ACTIVITY
A faithful copy of the listing below is needed, one that contains no pictures.

══════════════════════════════

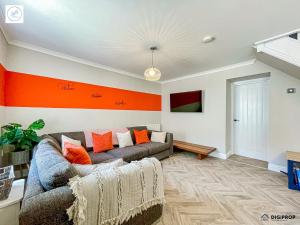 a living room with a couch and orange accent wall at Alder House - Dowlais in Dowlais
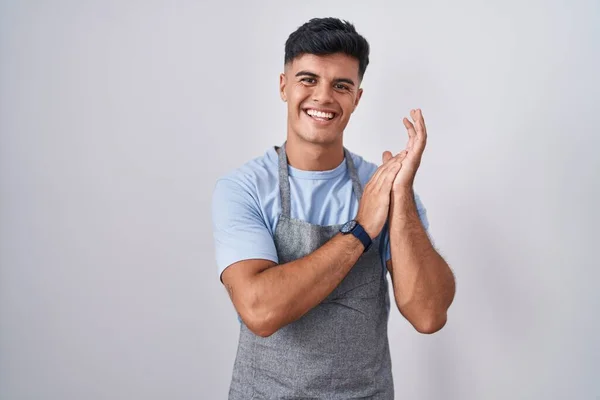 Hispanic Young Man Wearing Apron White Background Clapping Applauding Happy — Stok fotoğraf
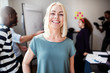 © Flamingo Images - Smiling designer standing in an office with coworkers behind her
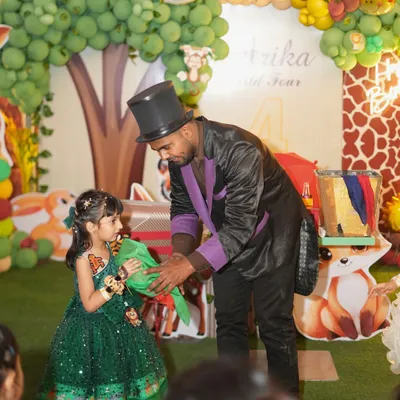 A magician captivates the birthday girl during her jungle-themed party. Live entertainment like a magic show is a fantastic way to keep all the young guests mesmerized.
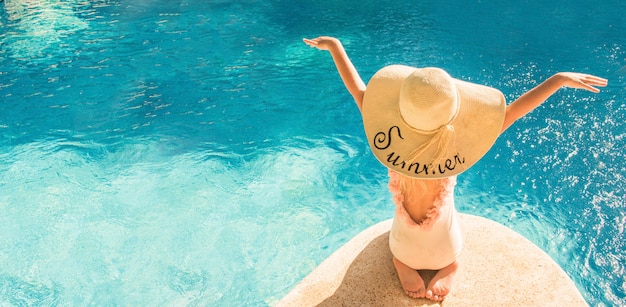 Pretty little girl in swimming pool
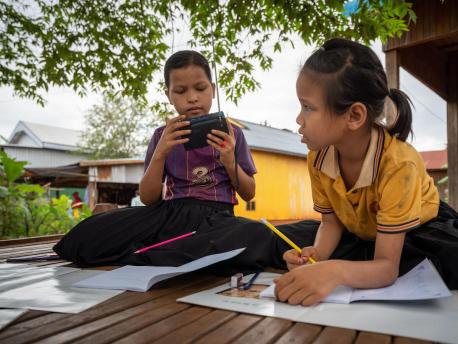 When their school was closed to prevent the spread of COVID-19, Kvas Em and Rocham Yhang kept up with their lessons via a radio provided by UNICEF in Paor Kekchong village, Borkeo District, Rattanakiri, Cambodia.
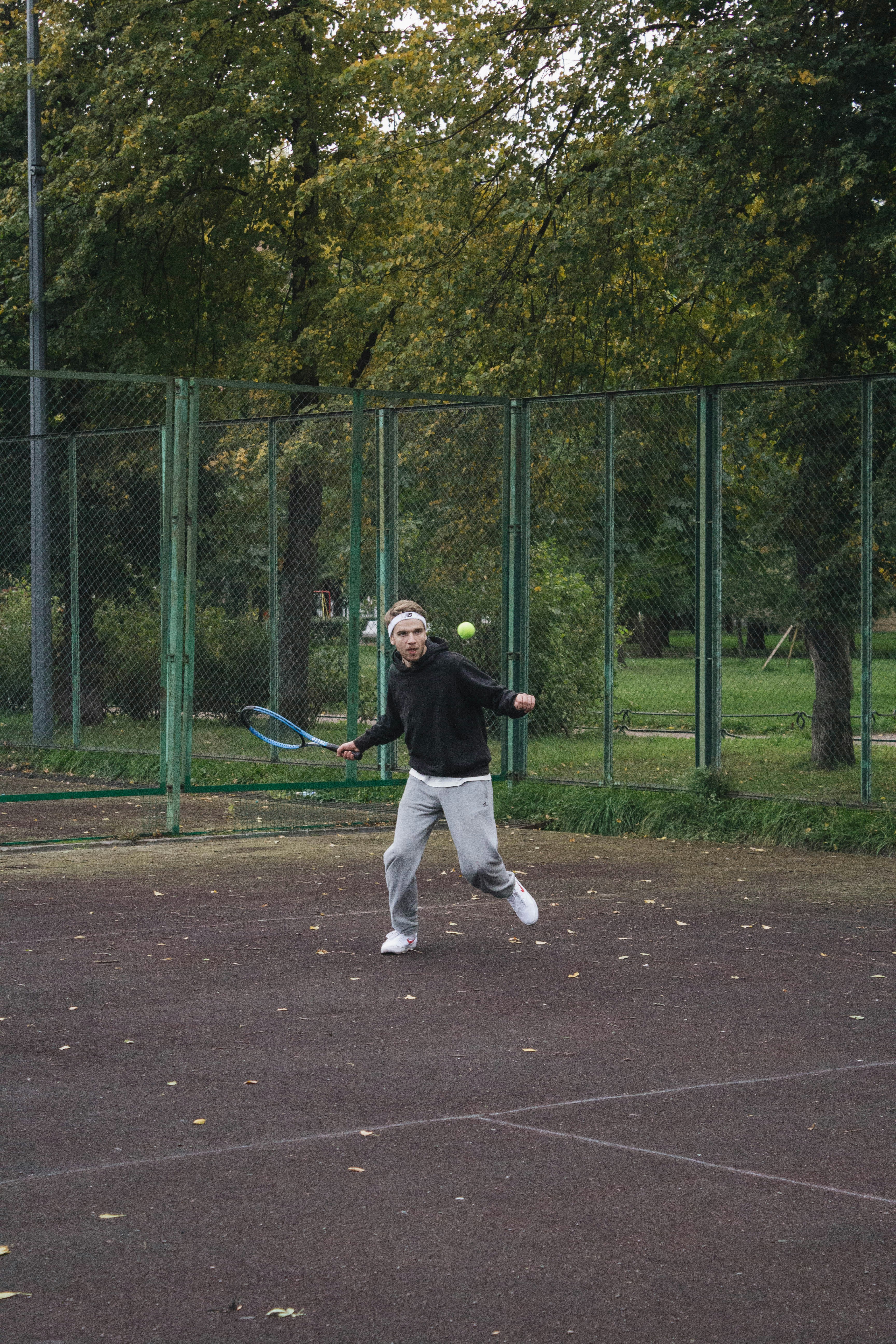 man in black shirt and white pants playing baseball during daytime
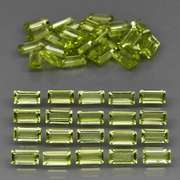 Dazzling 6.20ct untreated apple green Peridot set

══════════════════════════════

YOUR RESPONSE
 a living room with a couch and orange accent wall at Alder House - Dowlais in Dowlais
 Hispanic Young Man Wearing Apron White Background Clapping Applauding Happy — Stok fotoğraf
 © Flamingo Images - Smiling designer standing in an office with coworkers behind her
 A magician captivates the birthday girl during her jungle-themed party. Live entertainment like a magic show is a fantastic way to keep all the young guests mesmerized.
 Pretty little girl in swimming pool
 When their school was closed to prevent the spread of COVID-19, Kvas Em and Rocham Yhang kept up with their lessons via a radio provided by UNICEF in Paor Kekchong village, Borkeo District, Rattanakiri, Cambodia.
 man in black shirt and white pants playing baseball during daytime
 Dazzling 6.20ct untreated apple green Peridot set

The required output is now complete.